Boikot Sosial sebagai Koreksi
Dalam sejarah media modern, publik sering melakukan boikot moral terhadap figur yang dianggap merusak ruang publik. Bukan sebagai bentuk kebencian personal, melainkan sebagai mekanisme koreksi sosial.
Jika seseorang terus-menerus memproduksi provokasi, penghinaan, atau konflik tanpa kontribusi intelektual yang berarti, maka masyarakat berhak mengatakan: cukup sampai di sini.
Media juga perlu melakukan refleksi: apakah panggung yang mereka berikan membantu masyarakat berpikir lebih cerdas, atau justru memperburuk kualitas percakapan bangsa?
Mengembalikan Martabat Ruang Publik
Indonesia adalah bangsa besar dengan tradisi intelektual yang panjang. Dari kampus hingga ruang diskusi publik, dari para ulama hingga para ilmuwan, kita memiliki warisan pemikiran yang kaya.
Ruang publik tidak boleh diserahkan kepada budaya ejekan, sensasi, dan penghinaan.
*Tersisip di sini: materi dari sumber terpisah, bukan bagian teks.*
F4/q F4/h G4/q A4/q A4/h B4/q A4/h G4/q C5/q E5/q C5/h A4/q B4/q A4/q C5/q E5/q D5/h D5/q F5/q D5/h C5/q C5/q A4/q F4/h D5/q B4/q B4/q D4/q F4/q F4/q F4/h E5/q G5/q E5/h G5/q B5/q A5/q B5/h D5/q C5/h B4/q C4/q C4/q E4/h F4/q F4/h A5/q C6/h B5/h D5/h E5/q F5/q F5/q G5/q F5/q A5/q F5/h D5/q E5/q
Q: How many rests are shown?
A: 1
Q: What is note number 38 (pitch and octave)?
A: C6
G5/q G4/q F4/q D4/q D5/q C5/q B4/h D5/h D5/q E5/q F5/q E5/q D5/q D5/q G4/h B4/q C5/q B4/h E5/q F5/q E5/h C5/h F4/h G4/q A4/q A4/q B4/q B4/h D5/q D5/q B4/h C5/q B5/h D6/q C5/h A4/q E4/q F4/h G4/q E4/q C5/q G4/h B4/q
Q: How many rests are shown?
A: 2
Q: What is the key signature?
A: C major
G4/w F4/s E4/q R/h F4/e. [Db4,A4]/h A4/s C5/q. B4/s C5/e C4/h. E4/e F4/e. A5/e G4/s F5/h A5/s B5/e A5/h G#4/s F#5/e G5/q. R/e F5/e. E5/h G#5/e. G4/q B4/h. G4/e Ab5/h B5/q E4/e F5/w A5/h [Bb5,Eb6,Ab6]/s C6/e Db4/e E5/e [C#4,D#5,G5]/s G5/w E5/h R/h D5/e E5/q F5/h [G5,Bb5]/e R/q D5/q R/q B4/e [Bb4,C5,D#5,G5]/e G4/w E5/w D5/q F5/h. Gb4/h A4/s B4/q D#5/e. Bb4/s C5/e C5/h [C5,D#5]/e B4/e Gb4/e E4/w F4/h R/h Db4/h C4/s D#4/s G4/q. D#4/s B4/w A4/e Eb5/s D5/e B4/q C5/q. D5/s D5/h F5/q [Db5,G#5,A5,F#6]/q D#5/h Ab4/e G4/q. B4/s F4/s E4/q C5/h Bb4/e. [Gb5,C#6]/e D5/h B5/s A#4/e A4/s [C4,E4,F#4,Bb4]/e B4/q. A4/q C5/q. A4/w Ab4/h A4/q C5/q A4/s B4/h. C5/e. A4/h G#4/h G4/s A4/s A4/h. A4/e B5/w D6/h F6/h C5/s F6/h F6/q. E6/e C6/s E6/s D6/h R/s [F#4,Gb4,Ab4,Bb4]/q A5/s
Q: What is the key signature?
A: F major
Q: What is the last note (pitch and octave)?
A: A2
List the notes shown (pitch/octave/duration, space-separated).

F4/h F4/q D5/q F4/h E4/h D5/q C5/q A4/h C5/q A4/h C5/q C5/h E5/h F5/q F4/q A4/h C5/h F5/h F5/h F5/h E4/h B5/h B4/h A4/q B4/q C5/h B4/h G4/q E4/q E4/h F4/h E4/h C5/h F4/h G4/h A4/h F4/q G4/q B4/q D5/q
Peristiwa “professor anjing” seharusnya menjadi alarm bagi media dan masyarakat bahwa martabat diskursus publik sedang dipertaruhkan. Jika media ingin tetap dipercaya sebagai pilar demokrasi, maka ia harus berani memilih:
menjadi pendidik publik, atau sekadar produsen kegaduhan.
Sebab sebuah bangsa tidak akan maju jika percakapan publiknya dipimpin oleh argumentasi yang miskin tetapi penghinaan yang kaya.